He said it in a very kindly tone, and it suddenly seemed to me that there was really no reason to be scared and that nothing terrible was awaiting me in this place.
Here’s a thing I don’t understand. Take mammals, animals that are built more or less like us, and sometimes more than less. How is it that none of them can imitate the sounds of human speech, while birds — parrots, crows, starlings — can do it so easily with their beaks? I used to have a parrot by the name of Kiryusha. He could mimic any sound he heard — including a barking dog, running water, a jet engine, and the ringing phone — better than any comedy impressionist. And the way he mimicked my voice, my wife mistook him for me occasionally when she thought I’d had too much to drink.
But I digress. Realizing that Suprex seemed to be in a friendly disposition toward me, I gradually calmed down; meanwhile, he offered me to sit and pointed his beak toward an armchair on the side of the desk, since the front of it had that long conference table butting up against it.
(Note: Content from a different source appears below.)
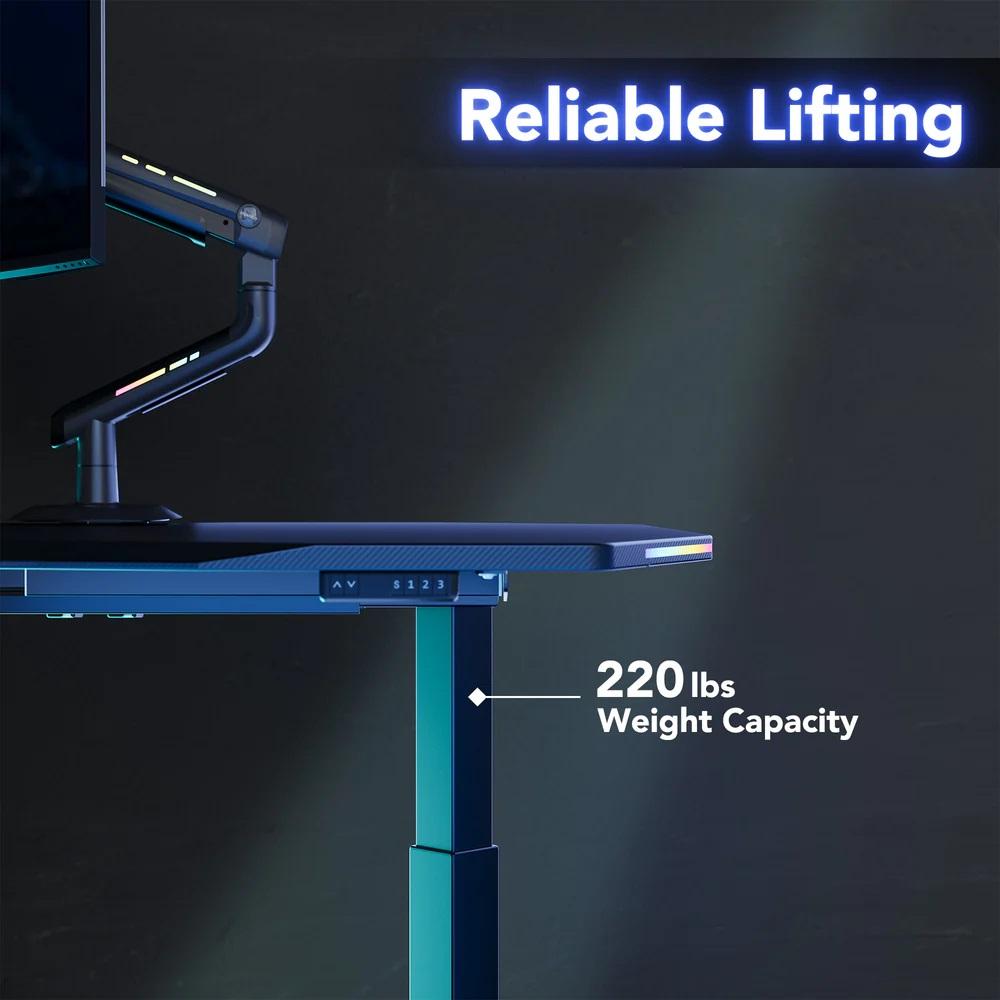 RGB Electric Height Adjustable Standing Gaming Desk, 63"×31.5" Large Ergonomic Curved Desktop, Dual-Motor Lift 27"–46" (≤50 dB), Sturdy 220 kg Steel Frame, for Home Office & Gaming (Ships in 2 Packages) RGB Electric Height Adjustable Standing Gaming Desk, 63"×31.5" Large Ergonomic Curved Desktop, Dual-Motor Lift 27"–46" (≤50 dB), Sturdy 220 kg Steel Frame, for Home Office & Gaming (Ships in 2 Packages)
“You want something to drink?” he asked courteously.
“No, thank you, I don’t want anything,” I replied, hoping that our conversation would be a short one in any case and that I would get to leave this office alive and well.
“Well, I, for one, feel like a snack,” he told me. Then he dipped his beak in a bucket, pulled out a carp which glistened in the electric light and gulped it down in an instant while I followed his movements with fascinated eyes.
“Would you like one as well?” he asked, misinterpreting my fascination. “Help yourself.” With a lightning-fast motion of his beak, he snatched another carp from the bucket and threw it on the desk, where the poor little fish lay quivering the way I had been a couple of minutes ago.
“No, no.” I drew back just in case. “Pardon me, but I don’t eat live fish.”
“That’s too bad,” he said as he snatched up and swallowed the second fish, and I thought I could actually see it slip down into his stomach, curl up inside and lie still. “Definitely too bad,” he repeated. “Raw fish contains many useful fats, vitamins, and microelements.” He fell silent and withdrew into himself, listening to his own digestive process. Then, some lofty thought snapped him out of it. (Heads of state always have lofty thoughts, you see — never base ones the way we do.) “So, what brings you to me?”
I was at a loss. Under the presents circumstances, it would have been pretty foolish to say that I wanted to started a revolution. So I decided to play dumb.
“Oh, nothing really. Well, except for the tick.”
“A tick?” He raised his eyebrows. “What exactly do you mean by that?”
“Just what I said, Ivan Ivanovich. I was hiking in the woods gathering mushrooms, and — to make a long story short — I’ve got a tick stuck inside me right here. But I’m sorry, I never could have had the nerve to bother you over such a trifling — ”
“But why not?” He smiled indulgently. “People only ever come to see me about trifling matters. That’s the kind of country we are: no one can get anything done without the supreme executive of the state. Can’t sow, can’t harvest, can’t buy, can’t sell, can’t hold an election, can’t start a war. They can’t even take over some little peninsula on their own. No, they have to come running to me: to take or not to take? What is the question? Everyone’s a freaking Hamlet. And it’s not just people, either: even wild animals are getting spoiled! Everyone’s trying to shirk their responsibilities. Tigers in the taiga don’t want to hunt anymore — chasing their prey is too much work. They’d rather sit in a cage at the zoo and have ready-to-eat meat thrown to them every day. Birds don’t want to reproduce. Now there’s a single pair of crimson pelicans left in the entire world, and still they can’t be bothered to sit on their own eggs. And no one else can be entrusted with the job. So here I am doing it myself and gradually transforming. I know you think I’m mismanaging the state, stifling democracy, doing nothing about corruption. But when am I supposed to do my proper job when there are so many distractions?”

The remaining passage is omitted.